A recent study of over 1.5 million people in the U.S. and the U.K. demonstrates that having rheumatoid arthritis (RA) increases the likelihood of developing herpes zoster, better known as shingles.
The U.S. research included health records from 122,000 RA patients and one million randomly selected controls. These records showed that the rate of shingles was significantly higher in the RA patients at a rate of 9.83 per 1,000 person-years compared to the controls at a rate of 3.71 per 1,000 person-years. That represents a 91% higher risk of shingles for patients with RA.
The U.K. research looked at health records for 38,000 RA patients and 500,000 randomly selected controls. This data showed RA patients with a rate of 10.6 per 1,000 person-years as opposed to the controls with a rate of 4.1 per 1,000 person-years. This represents a 65% higher risk of shingles for patients with RA.
The study, published in the medical journal, Arthritis Care and Research, indicated that it was not clear whether anti-RA medications increased the likelihood of developing shingles.
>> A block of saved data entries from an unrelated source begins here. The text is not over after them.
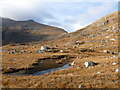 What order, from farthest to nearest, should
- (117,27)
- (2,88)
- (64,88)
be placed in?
(117,27)
(2,88)
(64,88)

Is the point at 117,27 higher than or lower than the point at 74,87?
higher

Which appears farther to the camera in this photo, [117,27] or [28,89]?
[117,27]

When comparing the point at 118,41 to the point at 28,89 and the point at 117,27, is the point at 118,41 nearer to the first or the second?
the point at 117,27

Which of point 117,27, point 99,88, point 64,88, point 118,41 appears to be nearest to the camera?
point 99,88

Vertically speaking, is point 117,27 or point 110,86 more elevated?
point 117,27

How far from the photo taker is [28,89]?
19.6 m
It may have been that those with the higher risk of shingles also had more severe RA symptoms and therefore were more likely to be receiving more aggressive anti-RA treatment.
Shingles is a painful skin condition caused by a reactivation of the varicella zoster virus (VZV), the same virus that causes chicken pox. After a chickenpox infection has cleared the VZV can remain dormant in the nerve tract without causing any symptoms. The virus can be reactivated years, and even decades, later as a result of a compromised immune system. The first symptoms of shingles include headache, fever and malaise. These are typically followed by burning pain, itching and hypersensitivity. After a couple of days a rash develops which become blisters which crust over in 7 to 10 days. The crusts will fall off and the skin heals, although there may be scarring or discolored skin.